There is talk that Federal funds may finally be available to extend SunRail from DeBary north to Deland

https://www.masstransitmag.com/rail...-county-council-reconsiders-sunrail-to-deland

https://www.orlandosentinel.com/new...0190715-dyfdghi7drgjbdgcmwftcjwrt4-story.html

https://www.masstransitmag.com/rail...-county-council-reconsiders-sunrail-to-deland


----------



## jis (Jul 17, 2019)

https://www.mynews13.com/fl/orlando...olusia-reaffirms-sunrail-support?cid=share_fb


----------



## AmtrakWPK (Nov 21, 2019)

Qapla said:


> There is talk that Federal funds may finally be available to extend SunRail from DeBary north to Deland
> 
> https://www.masstransitmag.com/rail...-county-council-reconsiders-sunrail-to-deland
> 
> ...



I was kind of hoping that somebody would notice the fact that the A-Line north to Deland runs literally RIGHT PAST Blue Spring State Park and propose a stop there. School classes from the whole Orlando Metro area could do field trips to Blue Spring, and area Seniors could do a day trip there from their local SunRail station. It would also be a powerful argument for weekend service. On a visit there one day, I was on the bridge over the tracks on the way into the Park and watched 98 flying by.


----------



## Qapla (Nov 21, 2019)

It would be interesting to see how they would do that since there is no grade crossing near the entrance into the park ... but, I agree, it would be an excellent place to incorporate a stop.


----------



## jis (Nov 22, 2019)

Volusia County has asked to be permitted to leave the SunRail compact and forgo spending any money on the proposed extension to Deland. 
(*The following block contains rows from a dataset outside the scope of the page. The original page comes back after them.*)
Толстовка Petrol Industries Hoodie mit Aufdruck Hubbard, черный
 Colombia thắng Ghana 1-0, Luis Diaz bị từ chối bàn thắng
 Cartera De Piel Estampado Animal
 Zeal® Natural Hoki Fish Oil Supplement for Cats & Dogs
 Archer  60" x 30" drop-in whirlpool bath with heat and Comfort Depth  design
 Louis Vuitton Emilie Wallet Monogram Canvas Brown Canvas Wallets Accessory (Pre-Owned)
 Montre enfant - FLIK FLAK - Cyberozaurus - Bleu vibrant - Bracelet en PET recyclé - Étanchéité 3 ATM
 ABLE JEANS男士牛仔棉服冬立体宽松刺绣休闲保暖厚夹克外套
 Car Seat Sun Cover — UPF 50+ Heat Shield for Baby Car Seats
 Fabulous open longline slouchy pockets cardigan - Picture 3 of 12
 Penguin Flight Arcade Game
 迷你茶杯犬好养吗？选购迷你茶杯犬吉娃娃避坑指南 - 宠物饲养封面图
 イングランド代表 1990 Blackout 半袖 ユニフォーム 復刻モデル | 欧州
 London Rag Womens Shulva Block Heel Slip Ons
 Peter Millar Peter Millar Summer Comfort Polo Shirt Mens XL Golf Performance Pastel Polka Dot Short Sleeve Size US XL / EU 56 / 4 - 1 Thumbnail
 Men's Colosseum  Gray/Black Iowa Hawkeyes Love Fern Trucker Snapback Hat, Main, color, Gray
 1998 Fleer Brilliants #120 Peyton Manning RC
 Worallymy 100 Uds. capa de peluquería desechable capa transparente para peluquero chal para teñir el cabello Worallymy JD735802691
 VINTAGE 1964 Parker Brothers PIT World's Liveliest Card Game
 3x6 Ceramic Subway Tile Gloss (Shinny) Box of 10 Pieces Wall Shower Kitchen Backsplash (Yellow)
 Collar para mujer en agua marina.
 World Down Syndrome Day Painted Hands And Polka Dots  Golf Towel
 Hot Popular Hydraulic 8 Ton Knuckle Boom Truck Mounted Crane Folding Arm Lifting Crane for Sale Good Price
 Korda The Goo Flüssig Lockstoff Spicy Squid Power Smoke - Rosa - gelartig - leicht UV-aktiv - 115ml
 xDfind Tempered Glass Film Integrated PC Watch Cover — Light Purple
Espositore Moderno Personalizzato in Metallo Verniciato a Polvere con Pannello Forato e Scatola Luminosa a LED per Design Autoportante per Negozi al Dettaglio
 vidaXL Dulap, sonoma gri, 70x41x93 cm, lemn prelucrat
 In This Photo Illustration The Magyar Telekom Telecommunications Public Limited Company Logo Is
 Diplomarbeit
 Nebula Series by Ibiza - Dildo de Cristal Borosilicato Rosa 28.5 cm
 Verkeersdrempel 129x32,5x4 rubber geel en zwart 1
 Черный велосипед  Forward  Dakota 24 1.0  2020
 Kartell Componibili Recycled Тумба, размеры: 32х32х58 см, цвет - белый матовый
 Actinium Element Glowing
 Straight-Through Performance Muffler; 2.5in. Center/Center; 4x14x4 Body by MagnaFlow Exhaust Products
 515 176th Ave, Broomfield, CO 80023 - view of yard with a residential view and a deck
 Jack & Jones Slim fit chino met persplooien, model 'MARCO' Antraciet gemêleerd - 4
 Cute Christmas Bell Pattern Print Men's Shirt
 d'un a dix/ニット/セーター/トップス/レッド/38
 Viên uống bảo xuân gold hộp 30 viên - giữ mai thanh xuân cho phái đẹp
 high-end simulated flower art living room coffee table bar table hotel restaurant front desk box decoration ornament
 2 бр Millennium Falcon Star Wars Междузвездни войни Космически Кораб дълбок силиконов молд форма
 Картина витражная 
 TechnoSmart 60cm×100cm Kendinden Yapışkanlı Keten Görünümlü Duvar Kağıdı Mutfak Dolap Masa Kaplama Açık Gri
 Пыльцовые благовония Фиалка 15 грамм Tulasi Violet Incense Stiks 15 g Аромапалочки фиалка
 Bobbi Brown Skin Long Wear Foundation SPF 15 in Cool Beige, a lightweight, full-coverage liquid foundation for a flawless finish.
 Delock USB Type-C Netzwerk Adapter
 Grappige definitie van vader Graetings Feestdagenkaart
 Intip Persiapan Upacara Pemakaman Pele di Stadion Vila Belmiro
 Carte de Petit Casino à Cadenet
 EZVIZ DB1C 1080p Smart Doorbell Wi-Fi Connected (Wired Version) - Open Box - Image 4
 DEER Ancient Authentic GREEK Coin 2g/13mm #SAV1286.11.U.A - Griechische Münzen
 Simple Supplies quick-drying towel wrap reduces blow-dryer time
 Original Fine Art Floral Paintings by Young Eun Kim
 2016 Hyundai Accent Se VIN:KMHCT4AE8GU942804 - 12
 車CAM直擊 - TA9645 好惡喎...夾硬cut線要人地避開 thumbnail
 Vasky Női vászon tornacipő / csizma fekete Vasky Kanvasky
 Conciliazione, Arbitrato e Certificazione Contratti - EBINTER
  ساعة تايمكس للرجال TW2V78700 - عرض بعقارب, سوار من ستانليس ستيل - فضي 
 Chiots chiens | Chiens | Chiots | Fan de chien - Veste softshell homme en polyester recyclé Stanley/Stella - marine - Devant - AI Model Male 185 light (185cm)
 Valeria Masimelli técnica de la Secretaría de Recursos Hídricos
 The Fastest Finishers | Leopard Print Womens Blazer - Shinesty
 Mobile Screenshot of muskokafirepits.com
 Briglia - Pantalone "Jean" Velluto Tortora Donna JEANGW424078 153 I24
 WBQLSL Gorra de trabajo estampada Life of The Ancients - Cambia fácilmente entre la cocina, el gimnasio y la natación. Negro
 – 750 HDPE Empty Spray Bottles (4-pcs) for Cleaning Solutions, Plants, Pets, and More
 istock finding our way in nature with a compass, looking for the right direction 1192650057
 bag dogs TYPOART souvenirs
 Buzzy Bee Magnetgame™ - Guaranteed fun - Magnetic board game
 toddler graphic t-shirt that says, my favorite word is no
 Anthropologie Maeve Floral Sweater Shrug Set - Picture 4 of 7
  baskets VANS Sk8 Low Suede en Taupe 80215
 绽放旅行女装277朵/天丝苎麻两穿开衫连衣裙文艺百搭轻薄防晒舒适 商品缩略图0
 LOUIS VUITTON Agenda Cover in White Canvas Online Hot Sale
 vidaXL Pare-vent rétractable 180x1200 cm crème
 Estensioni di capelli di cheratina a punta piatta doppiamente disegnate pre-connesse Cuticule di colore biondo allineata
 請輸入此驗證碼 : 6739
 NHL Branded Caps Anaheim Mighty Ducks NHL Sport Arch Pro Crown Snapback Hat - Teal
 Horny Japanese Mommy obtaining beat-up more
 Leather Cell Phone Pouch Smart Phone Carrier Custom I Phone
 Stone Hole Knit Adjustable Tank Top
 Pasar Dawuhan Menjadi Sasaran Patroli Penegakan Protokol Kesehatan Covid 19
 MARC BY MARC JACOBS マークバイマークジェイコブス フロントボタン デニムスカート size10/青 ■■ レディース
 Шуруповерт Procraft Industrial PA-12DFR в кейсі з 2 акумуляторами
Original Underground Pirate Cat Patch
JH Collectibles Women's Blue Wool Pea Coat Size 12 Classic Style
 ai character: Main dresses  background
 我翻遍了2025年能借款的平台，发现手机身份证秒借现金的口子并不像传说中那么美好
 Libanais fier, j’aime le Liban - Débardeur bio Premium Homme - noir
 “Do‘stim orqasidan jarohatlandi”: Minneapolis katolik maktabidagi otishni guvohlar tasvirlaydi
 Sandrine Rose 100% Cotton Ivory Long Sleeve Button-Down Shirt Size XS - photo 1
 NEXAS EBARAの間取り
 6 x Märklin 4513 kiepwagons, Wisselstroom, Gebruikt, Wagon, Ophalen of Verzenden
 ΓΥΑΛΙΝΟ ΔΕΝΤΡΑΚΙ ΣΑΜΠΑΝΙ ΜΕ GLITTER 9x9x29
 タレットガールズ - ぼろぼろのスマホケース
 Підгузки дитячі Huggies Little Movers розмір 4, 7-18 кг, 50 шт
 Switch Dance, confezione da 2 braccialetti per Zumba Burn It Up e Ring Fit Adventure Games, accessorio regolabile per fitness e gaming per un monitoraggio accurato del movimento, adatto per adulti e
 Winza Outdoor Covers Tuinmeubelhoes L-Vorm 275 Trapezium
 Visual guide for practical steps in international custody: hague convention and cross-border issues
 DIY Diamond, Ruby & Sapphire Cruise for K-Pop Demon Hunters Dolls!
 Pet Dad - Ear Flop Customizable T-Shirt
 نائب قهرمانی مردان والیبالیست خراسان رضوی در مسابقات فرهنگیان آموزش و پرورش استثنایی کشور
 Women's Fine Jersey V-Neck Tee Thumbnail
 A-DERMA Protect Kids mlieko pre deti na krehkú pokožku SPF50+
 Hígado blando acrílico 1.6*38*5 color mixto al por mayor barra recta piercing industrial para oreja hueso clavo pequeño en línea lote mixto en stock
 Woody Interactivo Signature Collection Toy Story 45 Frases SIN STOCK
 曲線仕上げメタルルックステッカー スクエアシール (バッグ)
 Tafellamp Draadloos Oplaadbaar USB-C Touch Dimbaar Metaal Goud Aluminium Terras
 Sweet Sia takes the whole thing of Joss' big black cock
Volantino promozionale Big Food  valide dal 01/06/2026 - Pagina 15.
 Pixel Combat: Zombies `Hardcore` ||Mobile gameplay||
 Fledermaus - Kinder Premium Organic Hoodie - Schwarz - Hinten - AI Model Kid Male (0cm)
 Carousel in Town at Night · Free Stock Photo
https://www.news-journalonline.com/news/20190829/volusia-asks-out-of-sunrail-to-deland-deal


----------



## Qapla (Nov 22, 2019)

That's a shame. More than likely the ones who want to make this change are ones who would never use the service.

It reminds me of some in Alachua County. For years there have been those who say the county should close the libraries and quit spending money on them since "no one uses them". It is obvious to anyone who does use the library that those who say this have never tried to find a parking space at one of the library branches.

My guess would be that the people in Volusia who say the money would be better spent on other transportation "needs" have never tried to find a parking space at the DeBary station. They have no clue just how many people use SunRail on a daily basis and how much benefit a stop in Deland would be. Too bad there aren't tracks running from Deland to Daytona that SunRail could use to extend to Daytona - that would make a Delans Station even more useful.


----------



## jis (Nov 22, 2019)

There is a separate study for getting SunRail to Daytona from Debary. Going via Deland on the A Line is really a somewhat out of the way routing to do it. The direct route study was along the I-4 ROW. Frankly, I don't think the Volusia County Commissioners get it.

At least theoretically the Federal money could be retargeted to what used to be called Phase III which is the connection to Orlando International Airport, but it does require much more money from somewhere to fund it fully. If built, that would be incredibly useful, notwithstanding the Brightline transfer station at Meadow Woods. Brightline is likely to be more expensive than a direct SunRail connection for the travelers.


----------



## west point (Nov 22, 2019)

Atlantic Coast Line actually ran trains to Blue springs. As to what happened and where the station was will leave to someone else ?


----------